This answer applies when a string is manually entered, not when it's read from somewhere.
A traditional variable-width CSV is unreadable for storing data as a string variable. Especially for use inside a .py file, consider fixed-width pipe-separated data instead. Various IDEs and editors may have a plugin to format pipe-separated text into a neat table.

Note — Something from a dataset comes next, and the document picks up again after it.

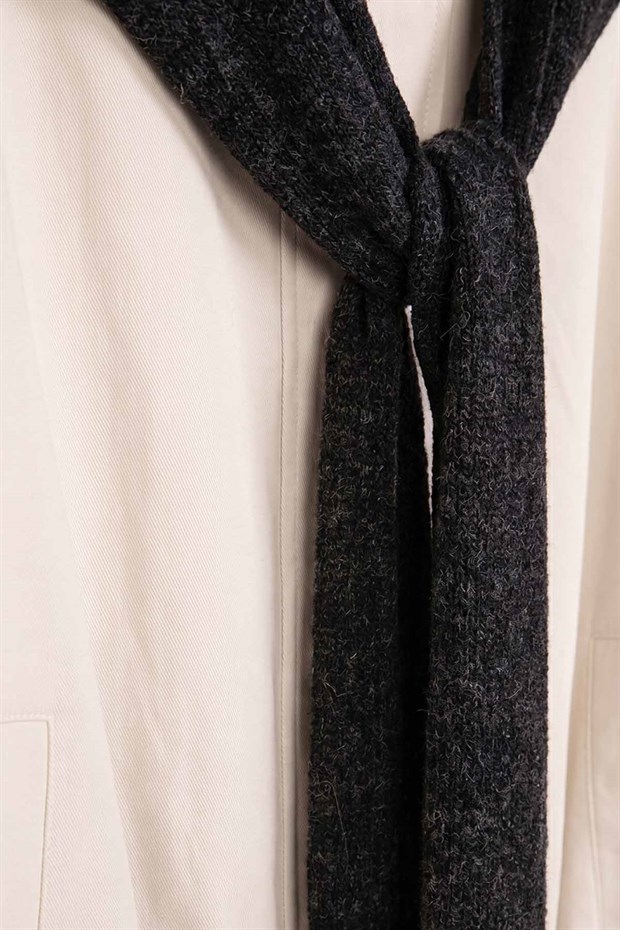 Bej Piliseli Bel Detaylı Ceket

Store the following in a utility module, e.g. util/pandas.py. An example is included in the function's docstring.
import io
import re
import pandas as pd
def read_psv(str_input: str, **kwargs) -> pd.DataFrame:
    """Read a Pandas object from a pipe-separated table contained within a string.
    Input example:
        | int_score | ext_score | eligible |
        |           | 701       | True     |
        | 221.3     | 0         | False    |
        |           | 576       | True     |
        | 300       | 600       | True     |
    The leading and trailing pipes are optional, but if one is present,
    so must be the other.
    `kwargs` are passed to `read_csv`. They must not include `sep`.

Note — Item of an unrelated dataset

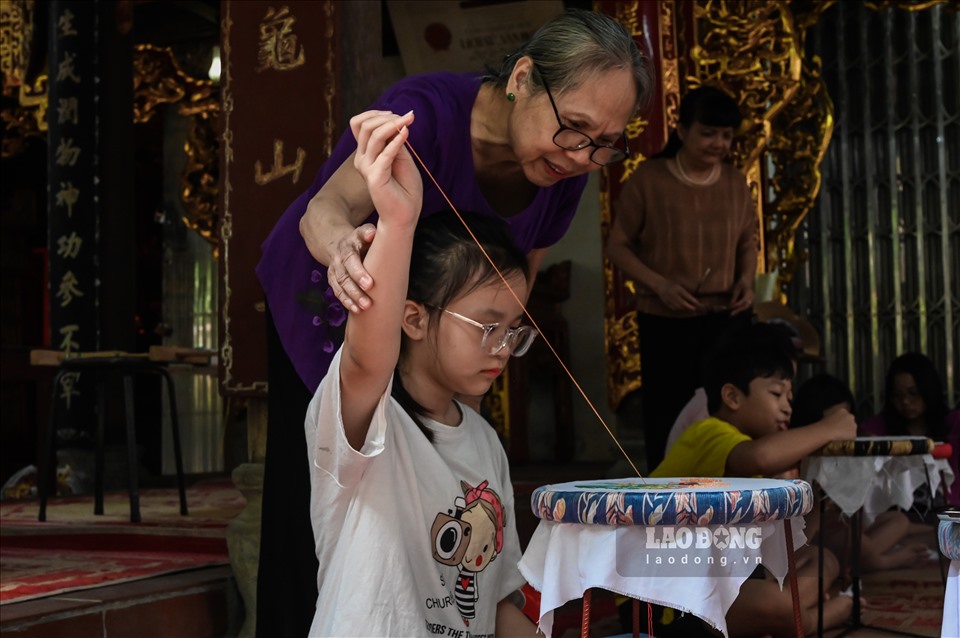 Bà Trần Thị Khánh Vân – tổ trưởng tổ thêu làng Tây Mỗ, quận Nam Từ Liêm, thành phố Hà Nội chia sẻ: “Chúng tôi mong muốn thông qua lớp học để truyền lại cho lớp trẻ tinh thần của tổ thêu ngày xưa. Sau hơn 40 năm trở lại với nghề, tôi rất hồi hộp và xúc động khi chứng kiến từ buổi đầu vụng về không biết cái kim sợi chỉ là gì của các cháu nhỏ.”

    In PyCharm, the "Pipe Table Formatter" plugin has a "Format" feature that can 
    be used to neatly format a table.
    Ref: https://stackoverflow.com/a/46471952/
    """
    substitutions = [
        ('^ *', ''),  # Remove leading spaces
        (' *$', ''),  # Remove trailing spaces
        (r' *\| *', '|'),  # Remove spaces between columns
    ]
    if all(line.lstrip().startswith('|') and line.rstrip().endswith('|') for line in str_input.strip().split('\n')):
        substitutions.extend([
            (r'^\|', ''),  # Remove redundant leading delimiter
            (r'\|$', ''),  # Remove redundant trailing delimiter
        ])
    for pattern, replacement in substitutions:
        str_input = re.sub(pattern, replacement, str_input, flags=re.MULTILINE)
    return pd.read_csv(io.StringIO(str_input), sep='|', **kwargs)
Non-working alternatives
The code below doesn't work properly because it adds an empty column on both the left and right sides.
df = pd.read_csv(io.StringIO(df_str), sep=r'\s*\|\s*', engine='python')
As for read_fwf, it doesn't actually use so many of the optional kwargs that read_csv accepts and uses. As such, it shouldn't be used at all for pipe-separated data.